In the data below, find the line with "Black Sails, Hannah" and the line with "Property Slideshow image", then restate both and every line between them exactly, minus the pictures.

- _DATASET ENTRIES_
□ □ □ □ □ □ □

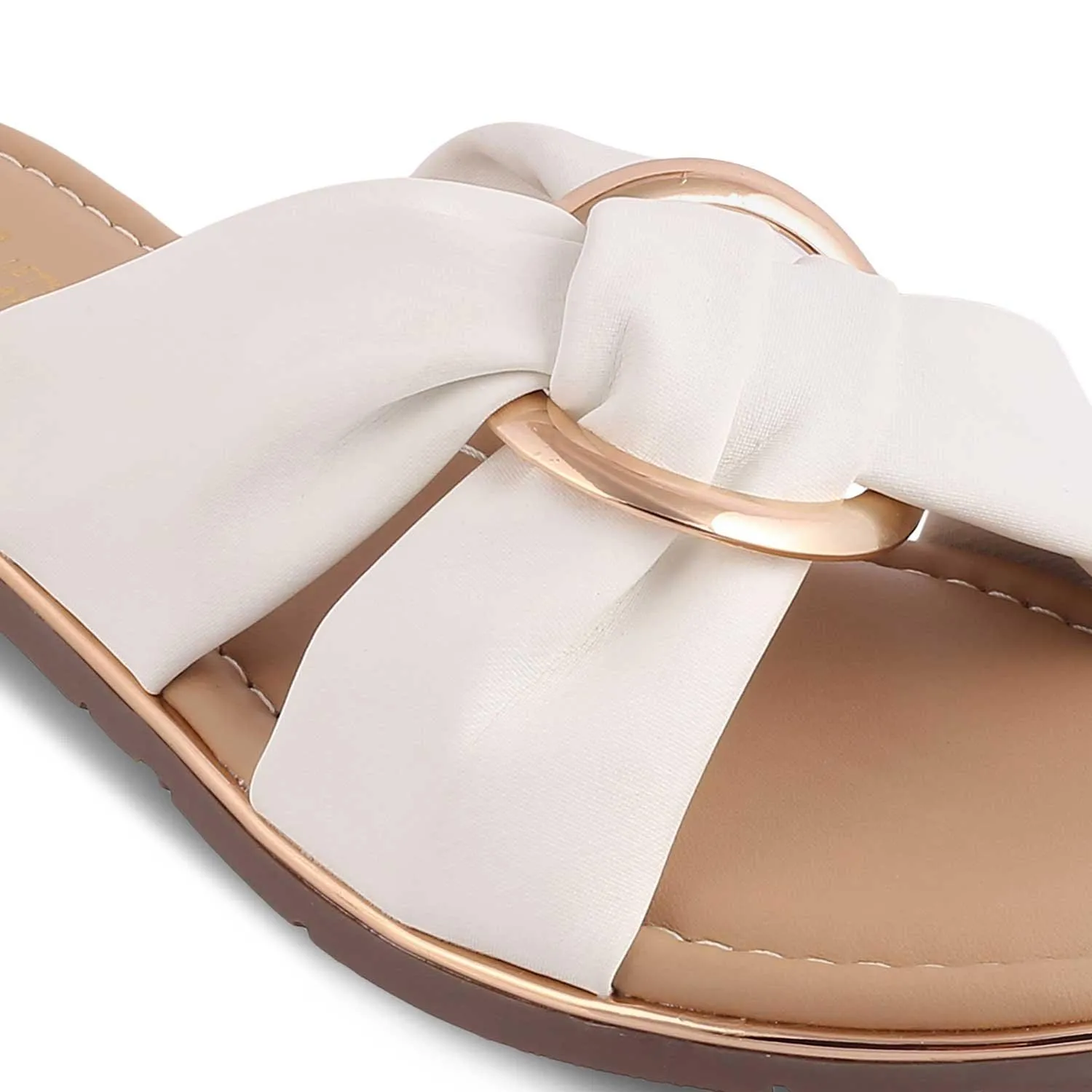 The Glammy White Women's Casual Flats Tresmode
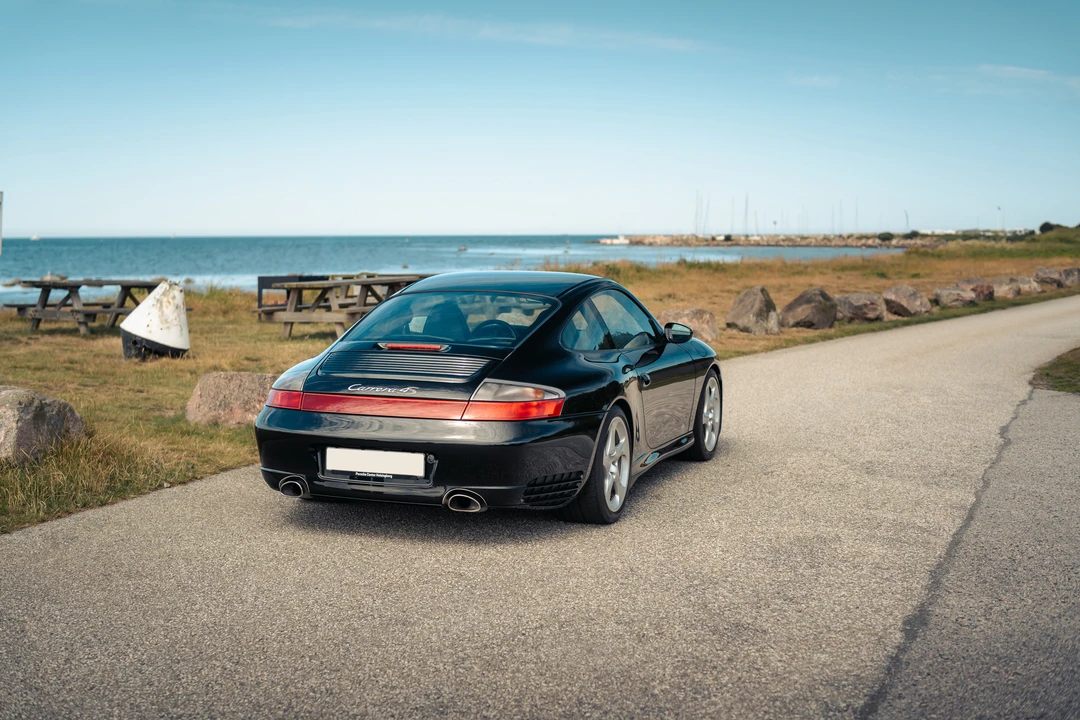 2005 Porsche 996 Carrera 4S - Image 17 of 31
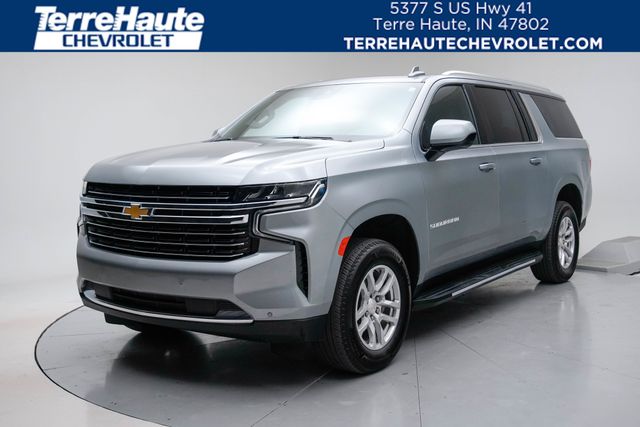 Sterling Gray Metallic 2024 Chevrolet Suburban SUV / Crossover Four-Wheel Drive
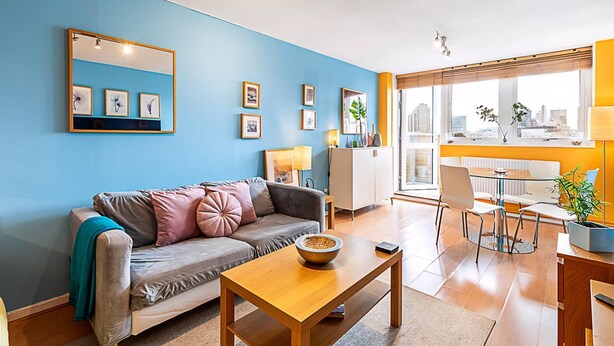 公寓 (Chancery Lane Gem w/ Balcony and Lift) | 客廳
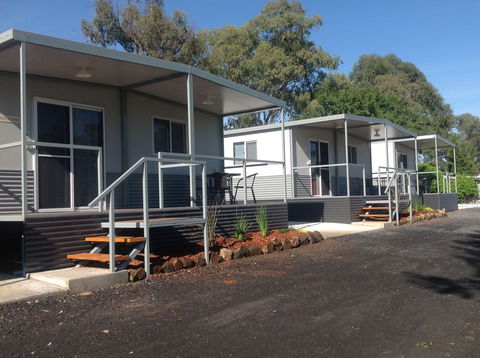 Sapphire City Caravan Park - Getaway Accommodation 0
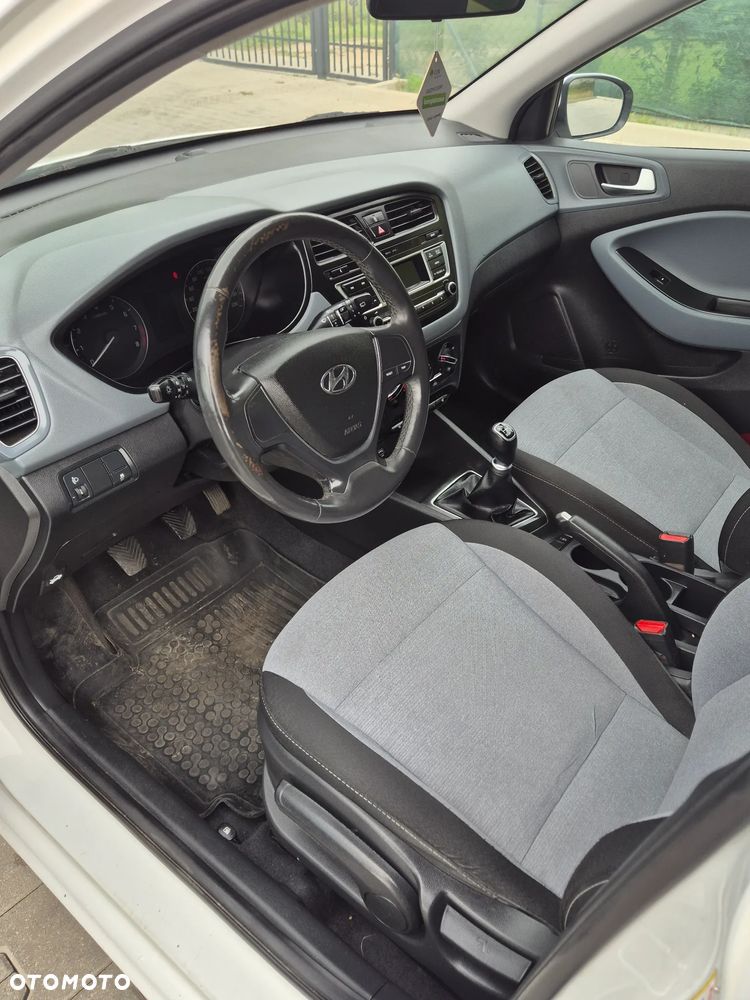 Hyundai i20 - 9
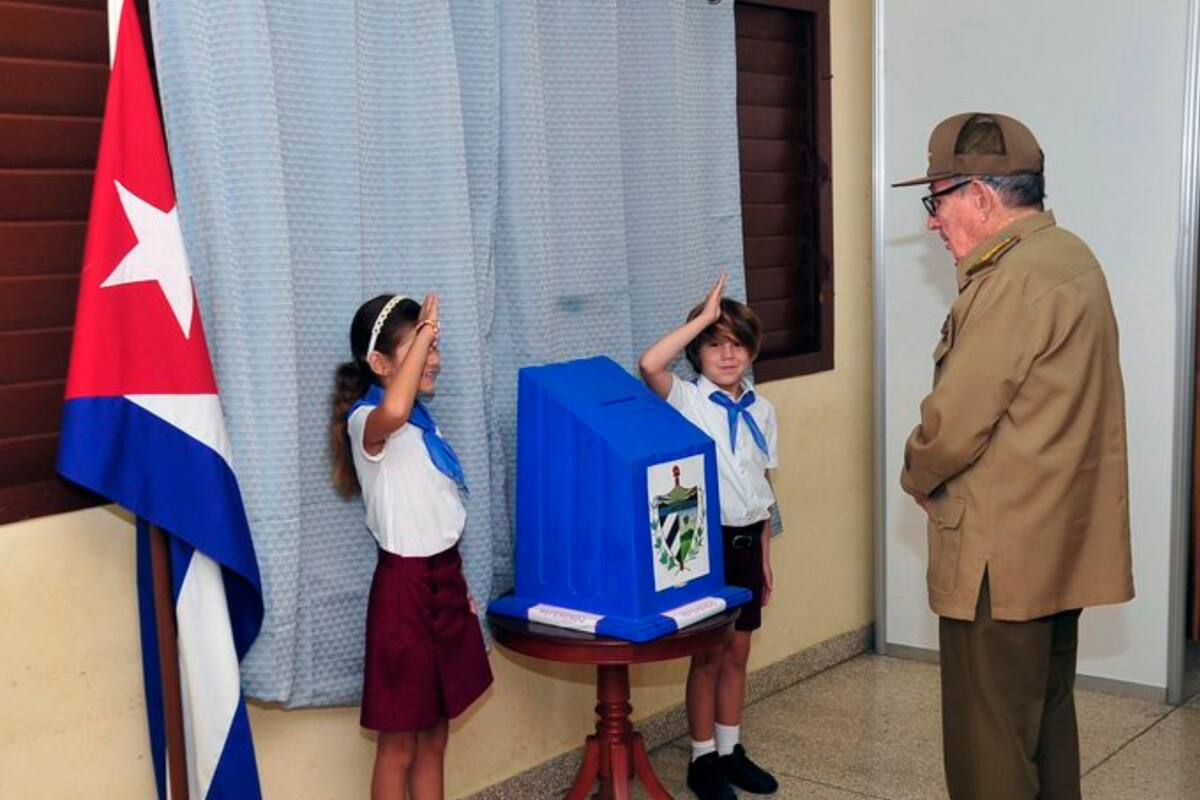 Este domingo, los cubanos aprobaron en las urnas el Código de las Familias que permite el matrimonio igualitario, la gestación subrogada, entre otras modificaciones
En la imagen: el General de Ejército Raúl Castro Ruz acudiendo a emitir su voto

□ □ □ □ □ □ □

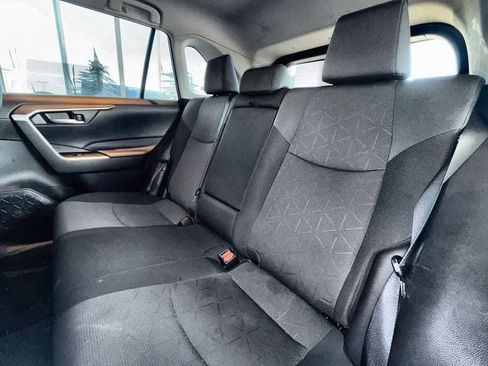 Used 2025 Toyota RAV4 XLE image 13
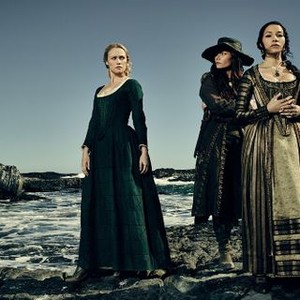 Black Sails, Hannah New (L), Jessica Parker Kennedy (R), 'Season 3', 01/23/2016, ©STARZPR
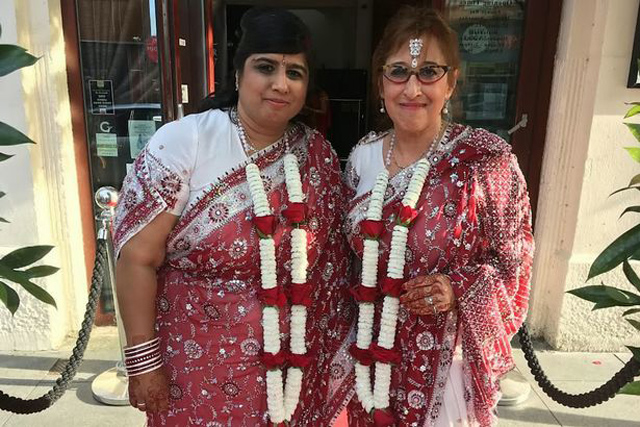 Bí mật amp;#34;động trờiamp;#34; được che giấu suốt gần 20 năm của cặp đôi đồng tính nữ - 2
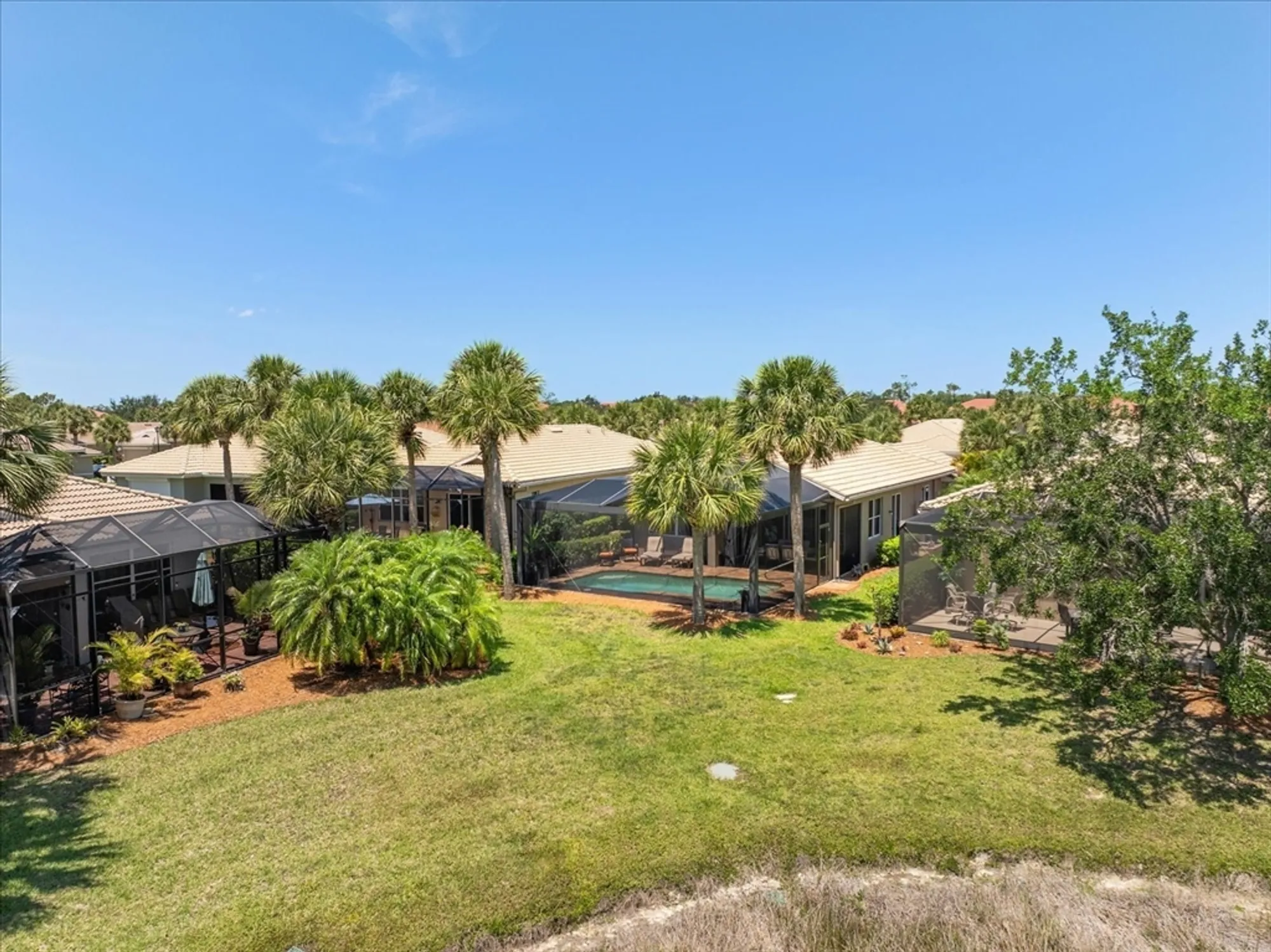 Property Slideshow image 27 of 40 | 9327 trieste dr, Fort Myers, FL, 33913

□ □ □ □ □ □ □

- _TASK SOLUTION_
 Black Sails, Hannah New (L), Jessica Parker Kennedy (R), 'Season 3', 01/23/2016, ©STARZPR
 Bí mật amp;#34;động trờiamp;#34; được che giấu suốt gần 20 năm của cặp đôi đồng tính nữ - 2
 Property Slideshow image 27 of 40 | 9327 trieste dr, Fort Myers, FL, 33913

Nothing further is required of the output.